* ACTION ITEM *
Output the whole listing exactly, with no pictures.

* DATA *
☆ ☆ ☆ ☆

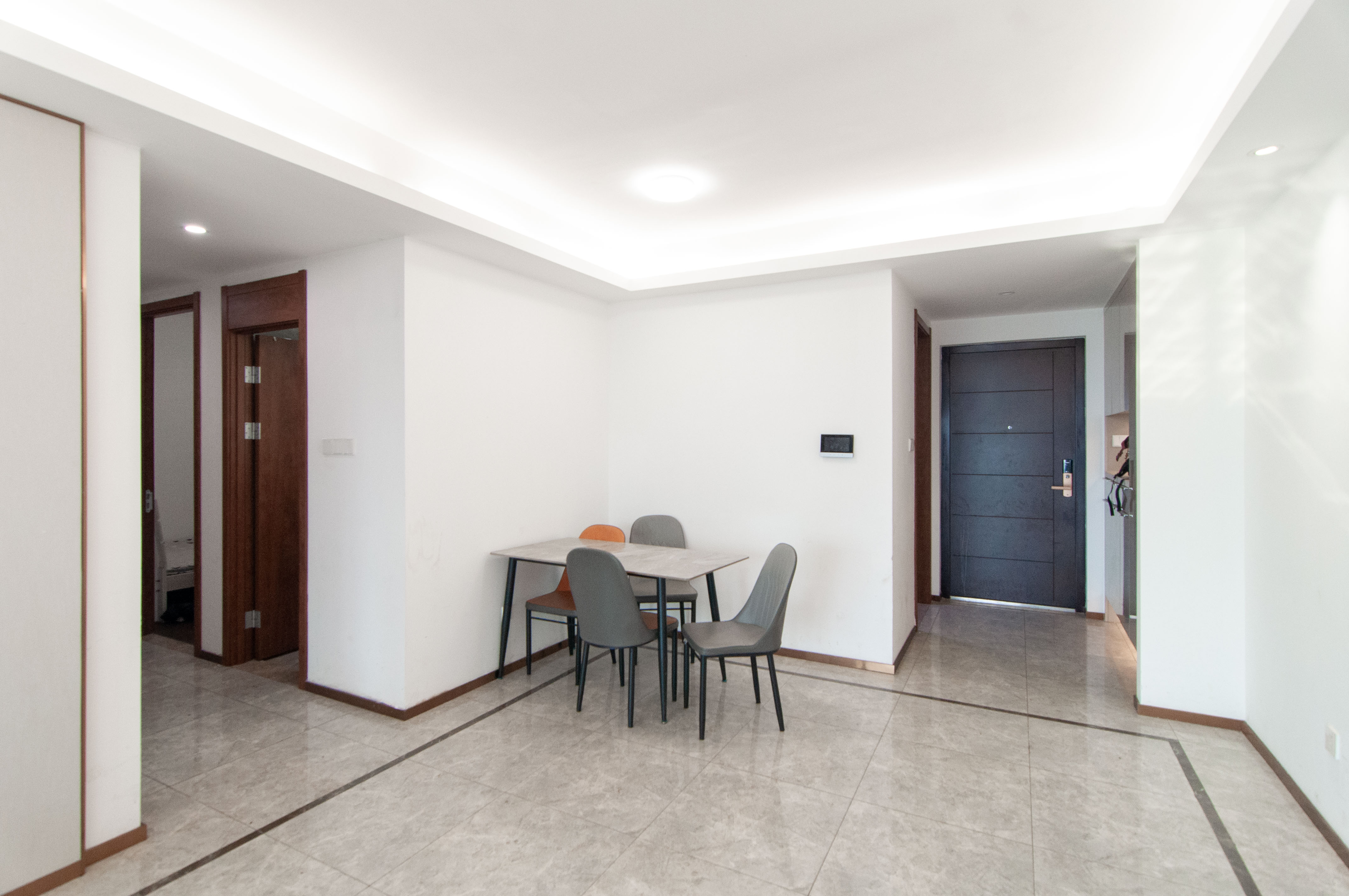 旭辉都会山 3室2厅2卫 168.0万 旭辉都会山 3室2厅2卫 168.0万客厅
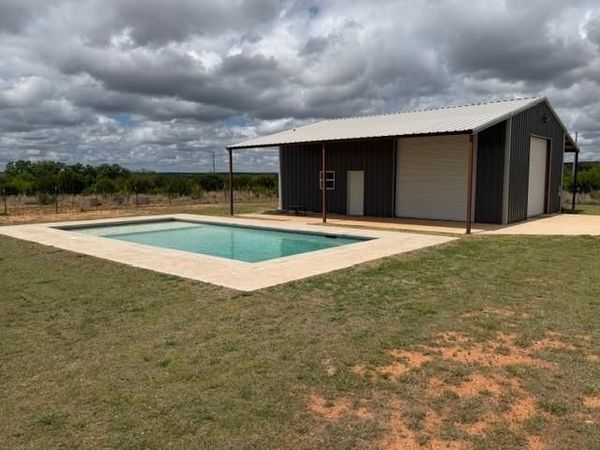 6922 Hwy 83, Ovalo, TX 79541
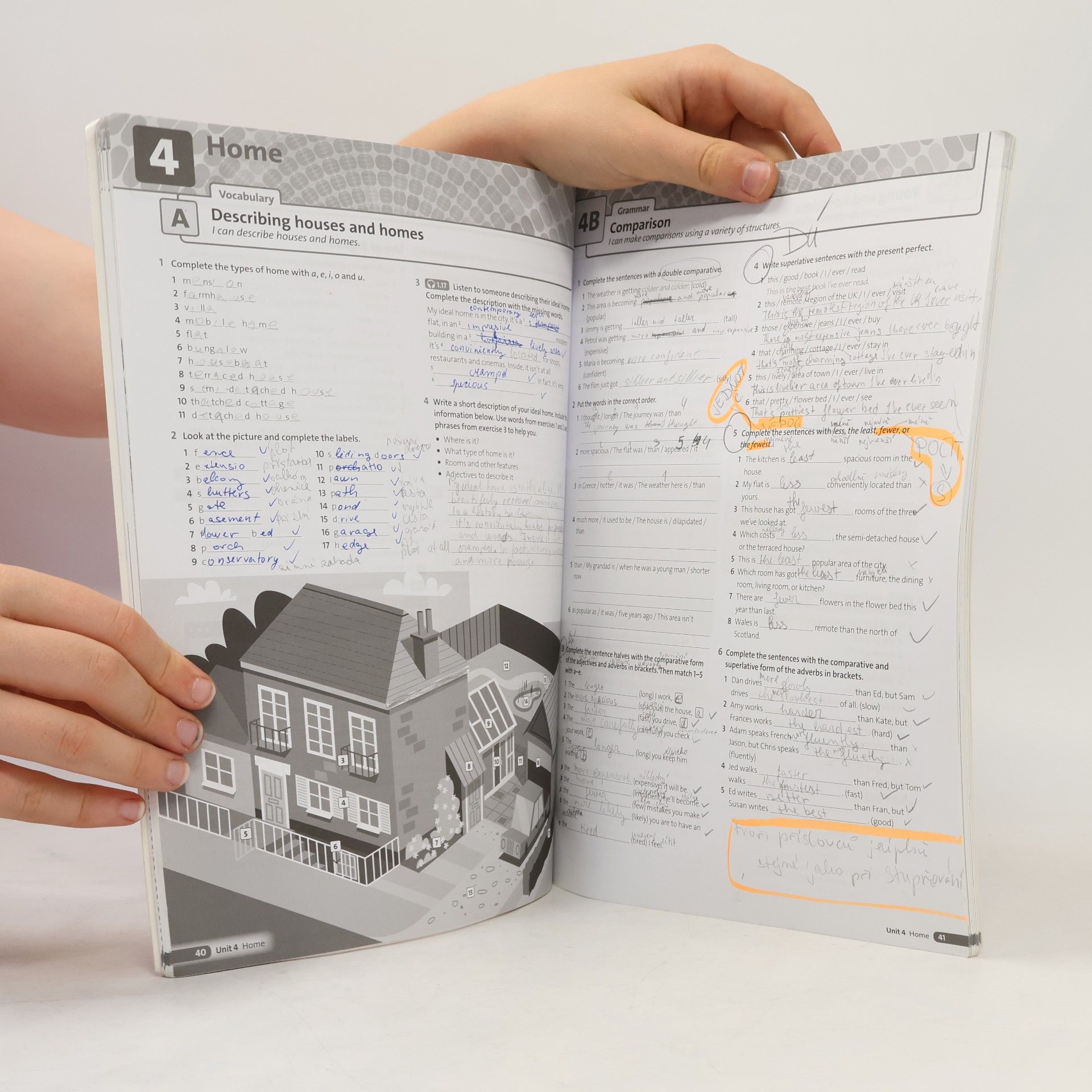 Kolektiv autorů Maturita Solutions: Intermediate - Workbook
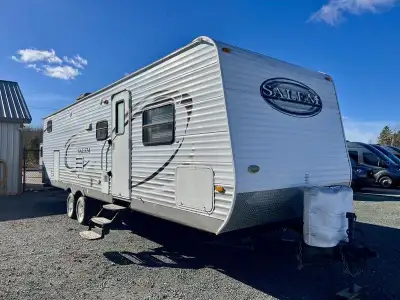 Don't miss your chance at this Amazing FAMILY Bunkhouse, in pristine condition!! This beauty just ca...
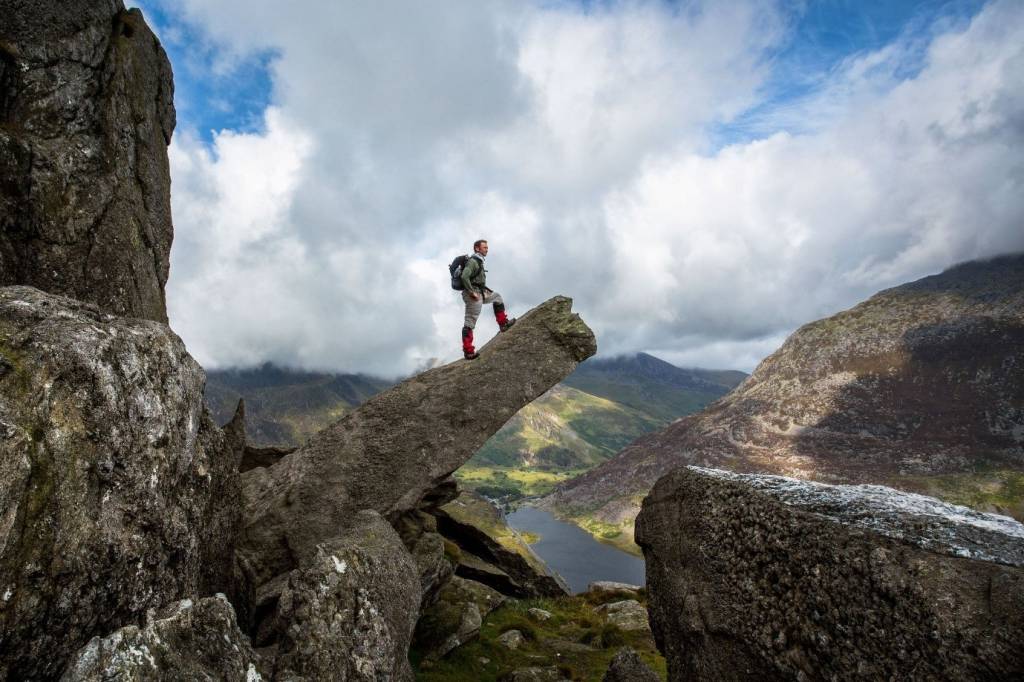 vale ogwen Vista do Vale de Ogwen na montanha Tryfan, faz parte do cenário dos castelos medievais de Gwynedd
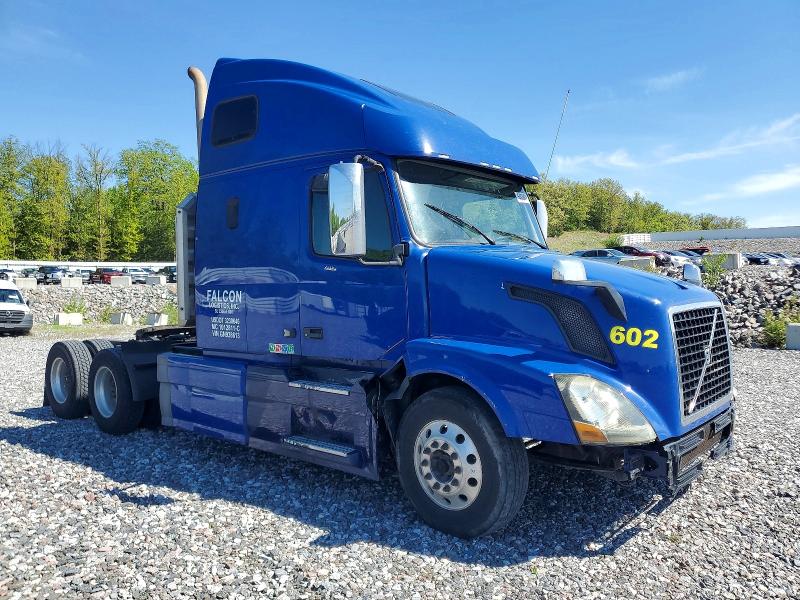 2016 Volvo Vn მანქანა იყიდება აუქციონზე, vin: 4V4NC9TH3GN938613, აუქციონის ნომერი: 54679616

☆ ☆ ☆ ☆

* EXPECTED ANSWER *
 旭辉都会山 3室2厅2卫 168.0万 旭辉都会山 3室2厅2卫 168.0万客厅
 6922 Hwy 83, Ovalo, TX 79541
 Kolektiv autorů Maturita Solutions: Intermediate - Workbook
 Don't miss your chance at this Amazing FAMILY Bunkhouse, in pristine condition!! This beauty just ca...
 vale ogwen Vista do Vale de Ogwen na montanha Tryfan, faz parte do cenário dos castelos medievais de Gwynedd
 2016 Volvo Vn მანქანა იყიდება აუქციონზე, vin: 4V4NC9TH3GN938613, აუქციონის ნომერი: 54679616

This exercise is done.